In free and fair markets, sellers offer their wares at various prices and quality standards to customers who choose the products that suit them. Market forces influence conduct via low demand for poor offerings, without the need for regulation to shape behaviour.
Poor regulation and legacy regulation that is no longer relevant impose compliance costs with limited benefit. They also encourage lobbyists to advocate for deregulation or new rules that favour their interests.
The gradual corporatisation, or even privatisation, of many markets has reduced controls on how goods and services are provided to customers. This has made the regulation of markets, particularly those operating with public funds or serving vulnerable customers, both more difficult and more important.
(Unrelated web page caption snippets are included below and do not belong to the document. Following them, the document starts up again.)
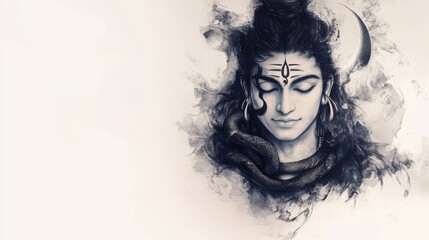 Characters of Lord Shiva with a snake coiled around his neck and the crescent moon on his forehead, representing eternal calm and serenity, white background 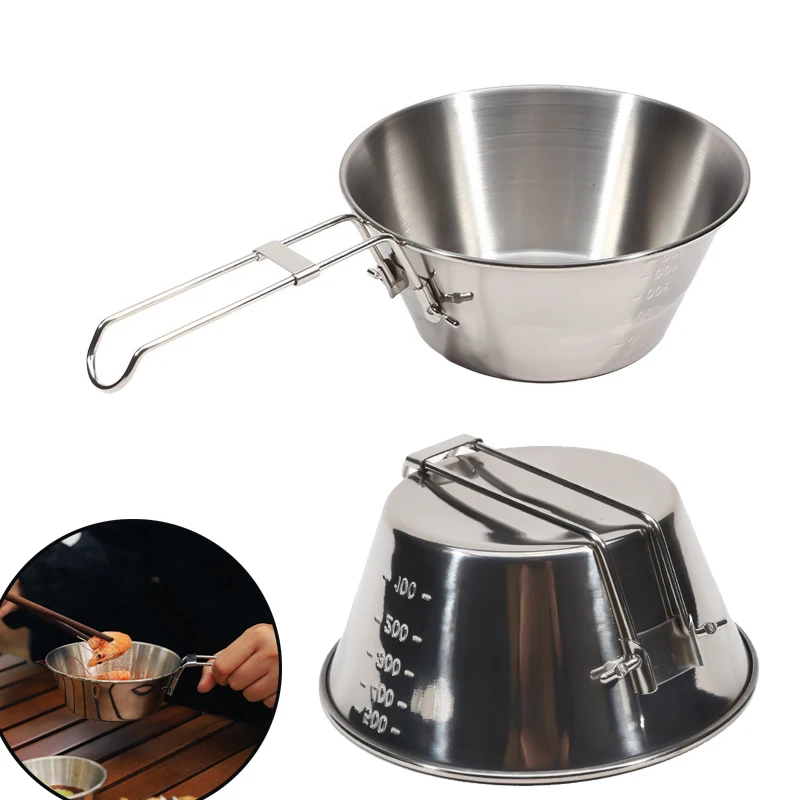 304 Stainless Steel Folding Bowl Picnic Rice Bowl Barbecue Mountaineering Water Cup Camping Portable Outdoor Cooker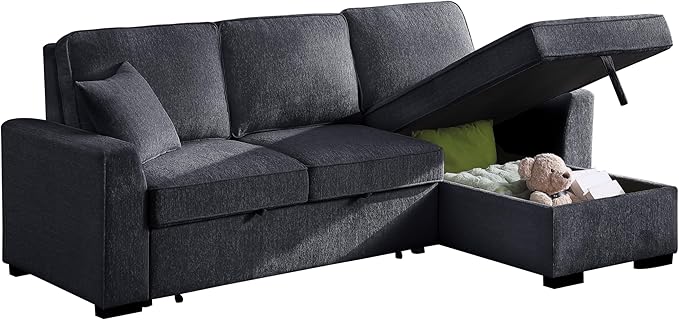 INSTORY Sectional Sleeper Sofa with Pull-Out Bed Drop-Down Table USB &ampType-C Port Cup Holders Dark Gray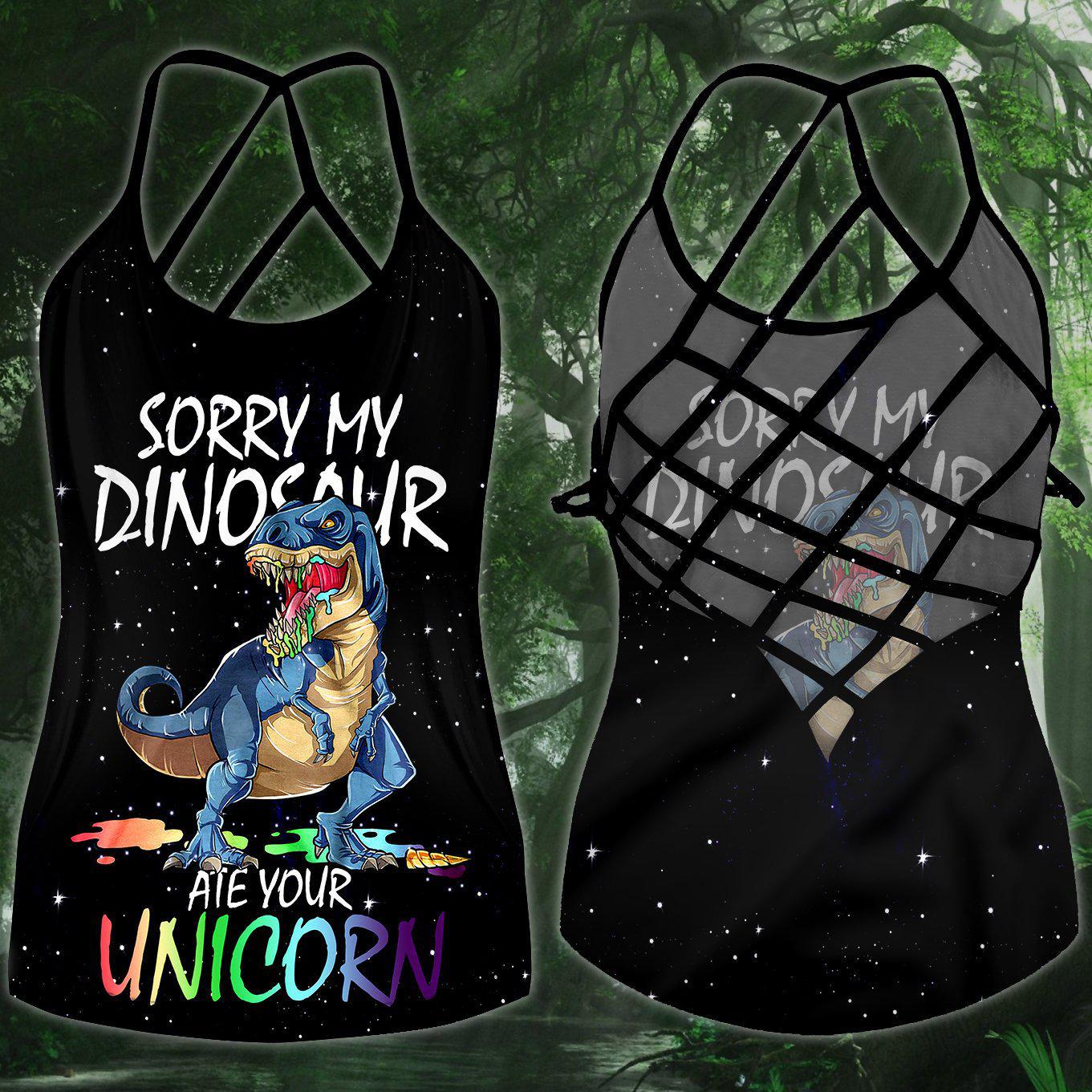 Dinosaurs Peace Life Hollow Tank Top For Studio Practice And Casual Styling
Free markets offer greater choice, but few customers can accurately price risk in unregulated markets. Suppliers may cut corners that impose hidden costs on customers and society. Builders may construct homes that collapse in a few years. Financial advisers may push customers towards products that pay broker kickbacks. Governments are often expected to restore these private losses, socialising the costs. Yet the benefits of lower regulation—lower costs, higher profit, and cheaper prices—remain private hands.
Despite the recent fashion for preferring automatic market forces to deliberate intervention, regulation remains a legitimate policy tool with strengths and weaknesses compared with alternatives. Regulatory options to policy problems should be considered and their relative costs and benefits analysed, rather than being dismissed by competing ideologies or interests.
A regulatory impact assessment should weigh the pros and cons of proposed (or continuing) regulation. This means showing both sides of the ledger, not just the costs of regulation. This will help decision makers and the public to find the right balance of regulatory and non-regulatory tools to solve policy problems like safety, fairness, affordability, accessibility, and dealing with market failures such as cost externalities.
Regulation can be an appropriate response to a range of policy problems and market failures. The costs to society of having no (or poorly enforced) regulation can be much higher than the costs of good regulation.
An individualist philosophy does not, or should not, legitimise imposing unfair costs on other individuals or society. When well-crafted regulation targets the root causes of policy problems and market failures, is tailored to its objectives, and is enforced impartially, it can improve overall public value despite imposing some regulatory costs.
When considering how best to address a policy problem, governments and those who advise them should not be afraid to propose regulation when it is the most appropriate tool for the job.